Almost the entire upgrade comes from higher expected profits, not investors getting more excited and paying up for the same stocks. A forward multiple in the low 23s is elevated against long-run averages near 17 or 18 times earnings, but it's not unusual when investors expect a durable, multi-year profit cycle rather than a one-quarter pop.

Why Wells Fargo thinks the market backdrop just got easier

That 7,300 starting point has a backstory. Kwon had actually cut Wells Fargo's target down to 7,300 from 7,800 back in late March, when the Iran conflict was escalating and the firm's own war-risk model showed stocks pricing in more geopolitical danger than oil-price danger for the first time, Investing.com reported.

The new 7,950 target effectively erases that cut and then some.

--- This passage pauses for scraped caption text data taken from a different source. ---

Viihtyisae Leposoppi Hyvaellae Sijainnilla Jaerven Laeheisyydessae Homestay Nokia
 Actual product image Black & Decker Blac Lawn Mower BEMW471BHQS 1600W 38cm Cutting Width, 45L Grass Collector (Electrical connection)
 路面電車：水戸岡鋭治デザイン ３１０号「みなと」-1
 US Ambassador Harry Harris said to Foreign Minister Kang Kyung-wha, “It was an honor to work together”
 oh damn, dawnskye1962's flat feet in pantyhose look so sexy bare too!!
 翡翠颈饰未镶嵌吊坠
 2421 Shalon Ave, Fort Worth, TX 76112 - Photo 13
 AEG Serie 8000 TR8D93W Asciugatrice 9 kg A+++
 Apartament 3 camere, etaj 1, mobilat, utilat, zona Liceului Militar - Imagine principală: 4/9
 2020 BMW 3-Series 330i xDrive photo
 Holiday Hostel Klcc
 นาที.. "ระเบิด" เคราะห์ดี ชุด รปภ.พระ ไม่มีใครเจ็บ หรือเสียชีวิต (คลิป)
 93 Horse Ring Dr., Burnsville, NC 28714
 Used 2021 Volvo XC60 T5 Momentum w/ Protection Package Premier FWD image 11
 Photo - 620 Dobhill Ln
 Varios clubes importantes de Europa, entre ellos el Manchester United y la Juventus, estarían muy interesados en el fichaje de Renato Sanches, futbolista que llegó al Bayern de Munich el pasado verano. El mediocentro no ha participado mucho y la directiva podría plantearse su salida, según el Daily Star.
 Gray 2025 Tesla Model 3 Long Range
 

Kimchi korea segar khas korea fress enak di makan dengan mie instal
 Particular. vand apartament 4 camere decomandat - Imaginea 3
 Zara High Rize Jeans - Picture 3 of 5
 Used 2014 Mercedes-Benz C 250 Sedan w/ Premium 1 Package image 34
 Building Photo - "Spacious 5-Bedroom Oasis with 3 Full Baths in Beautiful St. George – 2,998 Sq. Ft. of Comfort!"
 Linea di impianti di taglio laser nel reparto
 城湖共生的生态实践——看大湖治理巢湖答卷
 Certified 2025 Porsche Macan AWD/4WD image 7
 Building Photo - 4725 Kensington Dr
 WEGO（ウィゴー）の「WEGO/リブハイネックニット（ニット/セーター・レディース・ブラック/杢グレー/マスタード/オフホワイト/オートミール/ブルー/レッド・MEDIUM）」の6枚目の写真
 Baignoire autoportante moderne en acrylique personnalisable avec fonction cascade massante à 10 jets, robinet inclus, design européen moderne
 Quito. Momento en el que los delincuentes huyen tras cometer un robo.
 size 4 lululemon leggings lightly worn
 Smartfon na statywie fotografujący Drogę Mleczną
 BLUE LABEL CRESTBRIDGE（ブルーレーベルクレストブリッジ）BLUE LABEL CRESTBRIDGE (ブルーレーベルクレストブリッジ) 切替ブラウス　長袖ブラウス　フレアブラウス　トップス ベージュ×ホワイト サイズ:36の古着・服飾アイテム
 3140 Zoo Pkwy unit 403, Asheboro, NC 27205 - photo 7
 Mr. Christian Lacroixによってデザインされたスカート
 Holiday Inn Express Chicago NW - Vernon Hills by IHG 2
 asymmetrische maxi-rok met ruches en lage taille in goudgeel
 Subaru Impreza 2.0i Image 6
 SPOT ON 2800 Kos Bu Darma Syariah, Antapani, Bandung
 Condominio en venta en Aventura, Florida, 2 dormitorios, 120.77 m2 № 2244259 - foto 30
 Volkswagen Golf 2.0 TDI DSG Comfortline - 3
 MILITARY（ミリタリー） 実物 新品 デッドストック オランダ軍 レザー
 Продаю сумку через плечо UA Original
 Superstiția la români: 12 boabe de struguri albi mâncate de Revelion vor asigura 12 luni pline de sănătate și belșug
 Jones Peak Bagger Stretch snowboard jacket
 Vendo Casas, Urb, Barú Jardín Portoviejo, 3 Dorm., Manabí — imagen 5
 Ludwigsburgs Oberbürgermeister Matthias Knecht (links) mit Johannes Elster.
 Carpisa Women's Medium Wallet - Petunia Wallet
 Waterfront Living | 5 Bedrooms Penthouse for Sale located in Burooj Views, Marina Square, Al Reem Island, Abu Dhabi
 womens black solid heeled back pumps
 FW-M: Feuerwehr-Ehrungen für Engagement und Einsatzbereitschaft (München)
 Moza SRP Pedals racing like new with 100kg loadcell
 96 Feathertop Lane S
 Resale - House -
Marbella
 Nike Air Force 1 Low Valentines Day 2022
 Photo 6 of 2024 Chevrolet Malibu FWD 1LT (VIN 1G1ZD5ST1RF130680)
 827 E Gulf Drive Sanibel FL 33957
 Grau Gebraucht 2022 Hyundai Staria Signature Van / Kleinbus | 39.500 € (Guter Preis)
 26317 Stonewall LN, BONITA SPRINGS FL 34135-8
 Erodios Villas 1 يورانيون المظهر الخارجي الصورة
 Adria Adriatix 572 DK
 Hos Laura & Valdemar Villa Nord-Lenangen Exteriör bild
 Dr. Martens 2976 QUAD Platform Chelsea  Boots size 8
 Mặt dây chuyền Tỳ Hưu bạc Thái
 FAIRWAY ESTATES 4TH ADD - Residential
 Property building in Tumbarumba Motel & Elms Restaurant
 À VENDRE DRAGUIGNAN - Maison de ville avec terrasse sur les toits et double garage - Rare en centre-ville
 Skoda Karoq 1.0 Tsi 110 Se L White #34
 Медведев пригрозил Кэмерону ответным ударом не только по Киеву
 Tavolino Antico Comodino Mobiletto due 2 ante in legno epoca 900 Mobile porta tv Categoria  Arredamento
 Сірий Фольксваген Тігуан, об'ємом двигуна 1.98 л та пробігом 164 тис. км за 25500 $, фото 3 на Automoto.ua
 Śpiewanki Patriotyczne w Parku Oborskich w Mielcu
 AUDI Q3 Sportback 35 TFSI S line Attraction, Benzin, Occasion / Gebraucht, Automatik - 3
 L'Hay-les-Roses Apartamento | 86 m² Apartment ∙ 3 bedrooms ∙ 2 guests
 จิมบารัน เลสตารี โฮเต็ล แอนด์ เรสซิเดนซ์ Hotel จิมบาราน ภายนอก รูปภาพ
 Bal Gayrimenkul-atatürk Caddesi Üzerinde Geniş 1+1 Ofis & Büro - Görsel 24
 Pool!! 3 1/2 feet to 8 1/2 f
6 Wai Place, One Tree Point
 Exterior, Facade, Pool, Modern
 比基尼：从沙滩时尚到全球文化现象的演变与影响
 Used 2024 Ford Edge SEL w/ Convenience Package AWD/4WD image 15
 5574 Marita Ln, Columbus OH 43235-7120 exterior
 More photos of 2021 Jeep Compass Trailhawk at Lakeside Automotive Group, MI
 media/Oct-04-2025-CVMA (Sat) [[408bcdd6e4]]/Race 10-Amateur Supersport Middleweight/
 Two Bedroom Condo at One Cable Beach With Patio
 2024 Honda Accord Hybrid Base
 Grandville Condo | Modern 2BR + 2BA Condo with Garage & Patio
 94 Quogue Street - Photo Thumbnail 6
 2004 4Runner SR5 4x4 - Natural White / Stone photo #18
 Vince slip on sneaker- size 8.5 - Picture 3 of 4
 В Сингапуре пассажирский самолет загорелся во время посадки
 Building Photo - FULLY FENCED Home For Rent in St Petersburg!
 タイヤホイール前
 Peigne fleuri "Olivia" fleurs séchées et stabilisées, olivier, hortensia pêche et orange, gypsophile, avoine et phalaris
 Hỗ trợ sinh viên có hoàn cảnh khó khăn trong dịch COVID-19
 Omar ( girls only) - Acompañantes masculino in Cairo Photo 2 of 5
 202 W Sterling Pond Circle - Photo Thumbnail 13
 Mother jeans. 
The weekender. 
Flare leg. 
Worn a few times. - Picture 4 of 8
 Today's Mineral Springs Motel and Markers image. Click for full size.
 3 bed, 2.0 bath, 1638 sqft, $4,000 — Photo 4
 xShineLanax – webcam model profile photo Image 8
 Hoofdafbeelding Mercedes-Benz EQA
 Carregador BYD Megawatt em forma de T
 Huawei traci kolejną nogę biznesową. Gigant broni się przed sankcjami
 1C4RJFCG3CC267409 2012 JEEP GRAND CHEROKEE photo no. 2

Two things changed Wells Fargo's mind beyond the earnings math. The U.S. and Iran reached an interim understanding that's eased some of the geopolitical pressure that had been weighing on markets, and a recent selloff in equities actually helped, resetting investor positioning closer to neutral rather than overheated. A market that just cooled off has more room to run than one that's already crowded with everyone leaning the same direction.

Wells Fargo still flagged inflation as the main risk to watch. But the bank's view is that stocks could actually work as a hedge in that scenario, too, if the Fed ends up letting the economy run a little hot rather than slamming the brakes.

Wells Fargo isn't pretending the market is cheap. The bank has openly acknowledged froth in parts of it.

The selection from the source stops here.